### TASK STATEMENT
In the entries below, find the lines with the word "Schuco" and copy them.

(Stored data)

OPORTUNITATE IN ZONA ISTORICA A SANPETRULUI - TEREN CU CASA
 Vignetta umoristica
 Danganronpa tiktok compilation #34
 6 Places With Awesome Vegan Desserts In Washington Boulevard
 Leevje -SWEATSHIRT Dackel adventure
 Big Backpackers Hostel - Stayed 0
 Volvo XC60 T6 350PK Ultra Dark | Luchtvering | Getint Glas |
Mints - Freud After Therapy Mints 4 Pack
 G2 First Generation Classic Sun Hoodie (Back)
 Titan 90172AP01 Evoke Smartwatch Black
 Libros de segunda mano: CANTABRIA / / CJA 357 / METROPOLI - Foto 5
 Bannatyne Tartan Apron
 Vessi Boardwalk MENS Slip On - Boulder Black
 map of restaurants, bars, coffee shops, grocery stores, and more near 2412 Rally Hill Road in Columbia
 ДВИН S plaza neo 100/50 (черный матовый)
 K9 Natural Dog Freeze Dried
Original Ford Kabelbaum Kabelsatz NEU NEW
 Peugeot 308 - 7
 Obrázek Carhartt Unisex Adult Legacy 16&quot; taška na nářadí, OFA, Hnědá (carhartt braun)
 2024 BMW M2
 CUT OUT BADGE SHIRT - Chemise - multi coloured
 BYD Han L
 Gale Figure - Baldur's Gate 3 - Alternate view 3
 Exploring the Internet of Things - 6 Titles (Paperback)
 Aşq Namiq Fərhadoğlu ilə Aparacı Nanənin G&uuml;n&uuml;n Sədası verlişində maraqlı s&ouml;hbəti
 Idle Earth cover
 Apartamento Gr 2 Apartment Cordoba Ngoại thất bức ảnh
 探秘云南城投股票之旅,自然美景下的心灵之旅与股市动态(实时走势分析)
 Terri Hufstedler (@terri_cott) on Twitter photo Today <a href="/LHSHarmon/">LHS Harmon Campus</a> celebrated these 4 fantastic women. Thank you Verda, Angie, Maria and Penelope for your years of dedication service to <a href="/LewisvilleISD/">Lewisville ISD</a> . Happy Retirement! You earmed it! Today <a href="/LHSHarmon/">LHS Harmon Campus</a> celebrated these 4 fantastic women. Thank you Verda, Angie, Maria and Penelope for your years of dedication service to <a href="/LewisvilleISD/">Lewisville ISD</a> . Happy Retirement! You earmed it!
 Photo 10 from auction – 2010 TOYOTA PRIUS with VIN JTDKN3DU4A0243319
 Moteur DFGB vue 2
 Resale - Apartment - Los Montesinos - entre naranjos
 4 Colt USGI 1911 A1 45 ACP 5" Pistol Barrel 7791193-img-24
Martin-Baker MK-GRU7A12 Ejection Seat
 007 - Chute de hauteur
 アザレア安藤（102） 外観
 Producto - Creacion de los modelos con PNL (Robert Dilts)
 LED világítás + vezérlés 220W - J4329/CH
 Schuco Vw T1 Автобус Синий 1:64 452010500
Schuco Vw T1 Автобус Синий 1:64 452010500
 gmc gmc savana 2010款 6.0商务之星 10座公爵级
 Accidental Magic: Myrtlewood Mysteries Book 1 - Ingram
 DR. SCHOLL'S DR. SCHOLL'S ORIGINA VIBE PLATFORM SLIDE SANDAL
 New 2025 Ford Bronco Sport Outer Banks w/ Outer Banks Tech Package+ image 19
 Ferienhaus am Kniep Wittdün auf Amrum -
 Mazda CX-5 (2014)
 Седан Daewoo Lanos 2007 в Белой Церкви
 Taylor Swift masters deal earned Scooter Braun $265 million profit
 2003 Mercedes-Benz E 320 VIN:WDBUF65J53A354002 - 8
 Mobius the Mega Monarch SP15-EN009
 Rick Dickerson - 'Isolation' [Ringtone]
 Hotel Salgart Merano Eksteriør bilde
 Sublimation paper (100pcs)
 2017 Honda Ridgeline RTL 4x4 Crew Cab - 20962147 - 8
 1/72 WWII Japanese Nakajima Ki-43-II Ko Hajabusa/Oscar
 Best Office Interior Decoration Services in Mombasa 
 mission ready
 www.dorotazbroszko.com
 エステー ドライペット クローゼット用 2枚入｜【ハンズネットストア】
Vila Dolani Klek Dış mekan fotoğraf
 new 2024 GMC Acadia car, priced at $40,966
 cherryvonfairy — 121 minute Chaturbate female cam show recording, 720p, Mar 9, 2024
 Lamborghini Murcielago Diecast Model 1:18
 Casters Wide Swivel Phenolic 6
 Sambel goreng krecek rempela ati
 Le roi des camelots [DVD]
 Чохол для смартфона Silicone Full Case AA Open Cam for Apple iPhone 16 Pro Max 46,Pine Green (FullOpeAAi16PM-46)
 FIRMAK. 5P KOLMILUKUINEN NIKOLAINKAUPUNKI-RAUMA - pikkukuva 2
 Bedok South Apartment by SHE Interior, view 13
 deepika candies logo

### OUTPUT OF THE TASK
 Schuco Vw T1 Автобус Синий 1:64 452010500
Schuco Vw T1 Автобус Синий 1:64 452010500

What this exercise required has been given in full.